When President Emmanuel Macron's coalition began its campaign for the European elections last March at a rally in Lille, the podium was adorned with its slogan, "Besoin d'Europe" ("Need Europe"). At a rally just eight days ahead of the June 9 vote, a new slogan accompanied it, betraying a sense of nervousness: "Rien n'est joué." ("It's not over yet.")
Struggling in the polls just eight days before the vote to elect members of the European Parliament, the presidential coalition gathered for one last major event on Saturday, June 1. Even without high expectations, despite the bevy of ministers present at the Docks d'Aubervilliers, in northern Paris suburbs, the sparse attendance raised questions about the very ambitious figure of 2,500 attendees announced by the organizers.
The mood in the stands was not a celebratory one: "My impression is that things are only getting worse," grumbled Thomas, 50, a senior executive in a large company. Thibault, 40, a doctor in eastern France, had trouble understanding "why Valérie Hayer is so low" in the polls. "Purchasing power, perhaps? Too many taxes?" he wondered. The same pessimism was echoed by one of the coalition's candidates, who had considered he had a chance at being elected at the time of his nomination, and now sees only an "intervention of the Holy Spirit" as capable of sending him to Brussels.
The day's gathering wouldn't win over a single vote, voices in the presidential bloc agreed. Yet it could perhaps help to remotivate the party activists who came to the event, before they deploy themselves to markets and metro exits for the final week of campaigning. "That's the only thing that is effective," said one minister, adding: "Bilateral discussions, voter by voter.

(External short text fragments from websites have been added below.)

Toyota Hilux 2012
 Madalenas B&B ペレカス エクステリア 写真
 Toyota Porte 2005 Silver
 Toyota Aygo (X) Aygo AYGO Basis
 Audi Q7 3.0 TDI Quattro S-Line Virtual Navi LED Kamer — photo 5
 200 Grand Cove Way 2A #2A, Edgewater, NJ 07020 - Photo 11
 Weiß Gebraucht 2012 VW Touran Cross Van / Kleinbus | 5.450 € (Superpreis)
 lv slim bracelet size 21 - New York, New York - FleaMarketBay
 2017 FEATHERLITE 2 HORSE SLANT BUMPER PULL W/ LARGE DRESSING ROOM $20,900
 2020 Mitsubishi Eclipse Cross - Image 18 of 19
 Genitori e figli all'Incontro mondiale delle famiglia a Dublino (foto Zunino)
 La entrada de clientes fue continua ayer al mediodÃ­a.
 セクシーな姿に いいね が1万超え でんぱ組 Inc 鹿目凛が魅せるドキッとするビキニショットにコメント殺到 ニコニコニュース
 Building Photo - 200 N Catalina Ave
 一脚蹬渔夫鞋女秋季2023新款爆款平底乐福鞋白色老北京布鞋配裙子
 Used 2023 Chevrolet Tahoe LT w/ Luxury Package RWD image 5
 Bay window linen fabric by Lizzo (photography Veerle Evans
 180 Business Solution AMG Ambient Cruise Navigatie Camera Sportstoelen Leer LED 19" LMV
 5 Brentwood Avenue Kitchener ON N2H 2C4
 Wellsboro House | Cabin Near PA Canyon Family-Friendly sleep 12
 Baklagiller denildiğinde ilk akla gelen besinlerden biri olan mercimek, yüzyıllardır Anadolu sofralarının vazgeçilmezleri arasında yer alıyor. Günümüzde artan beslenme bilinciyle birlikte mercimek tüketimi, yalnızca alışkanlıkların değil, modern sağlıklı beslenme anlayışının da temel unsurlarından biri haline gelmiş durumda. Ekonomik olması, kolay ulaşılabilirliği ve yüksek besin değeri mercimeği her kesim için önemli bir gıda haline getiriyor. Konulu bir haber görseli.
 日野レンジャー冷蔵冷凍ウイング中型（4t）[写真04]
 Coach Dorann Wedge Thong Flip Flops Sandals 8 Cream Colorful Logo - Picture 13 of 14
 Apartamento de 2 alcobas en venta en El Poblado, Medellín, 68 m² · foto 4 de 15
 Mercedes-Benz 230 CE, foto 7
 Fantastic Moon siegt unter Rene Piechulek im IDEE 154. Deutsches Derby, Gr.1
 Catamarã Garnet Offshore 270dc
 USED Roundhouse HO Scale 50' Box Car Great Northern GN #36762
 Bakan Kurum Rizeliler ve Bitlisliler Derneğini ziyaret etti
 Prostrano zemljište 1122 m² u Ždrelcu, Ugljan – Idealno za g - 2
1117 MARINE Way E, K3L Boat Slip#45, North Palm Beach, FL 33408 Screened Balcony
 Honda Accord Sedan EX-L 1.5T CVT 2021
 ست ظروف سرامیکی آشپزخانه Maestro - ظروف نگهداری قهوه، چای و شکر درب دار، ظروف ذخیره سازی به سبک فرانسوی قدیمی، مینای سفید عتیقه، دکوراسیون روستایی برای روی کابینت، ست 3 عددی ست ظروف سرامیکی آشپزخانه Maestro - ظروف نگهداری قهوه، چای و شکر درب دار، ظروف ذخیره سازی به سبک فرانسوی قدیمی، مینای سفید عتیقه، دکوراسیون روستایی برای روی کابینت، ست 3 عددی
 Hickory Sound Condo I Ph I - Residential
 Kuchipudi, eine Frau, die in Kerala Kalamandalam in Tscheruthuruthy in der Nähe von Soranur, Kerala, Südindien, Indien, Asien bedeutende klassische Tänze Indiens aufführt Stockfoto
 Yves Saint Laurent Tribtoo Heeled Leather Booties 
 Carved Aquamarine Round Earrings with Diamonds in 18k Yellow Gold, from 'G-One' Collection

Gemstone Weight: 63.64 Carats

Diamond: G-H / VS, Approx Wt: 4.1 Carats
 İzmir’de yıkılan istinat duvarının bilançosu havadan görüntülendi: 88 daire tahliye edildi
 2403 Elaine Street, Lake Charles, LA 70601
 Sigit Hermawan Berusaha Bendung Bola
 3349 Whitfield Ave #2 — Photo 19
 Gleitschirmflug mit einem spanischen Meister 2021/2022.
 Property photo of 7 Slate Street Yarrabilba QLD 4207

And that can only be achieved on the ground."
"It's not in rallies that an election campaign is played out," said François Bayrou, the head of the Macron-allied MoDem party, in his speech. "It's played out at the family table, it's played out at the moment when a friend meets another friend."
The leading figures of the presidential coalition took turns delivering the talking points they hoped activists would keep spreading until the weekend of June 9. Prime Minister Gabriel Attal once again singled out Jordan Bardella, the lead candidate for the far-right Rassemblement National (RN) party, who told him "eye to eye [in a televised debate] that he didn't even read bills before voting on them." He also attacked François-Xavier Bellamy, the Les Républicains (LR, conservative) party's lead candidate, "a man of ambiguous values and obtuse rhetoric," whose party "votes against the rest of their group [in the European Parliament], unable to influence the slightest issue in Europe."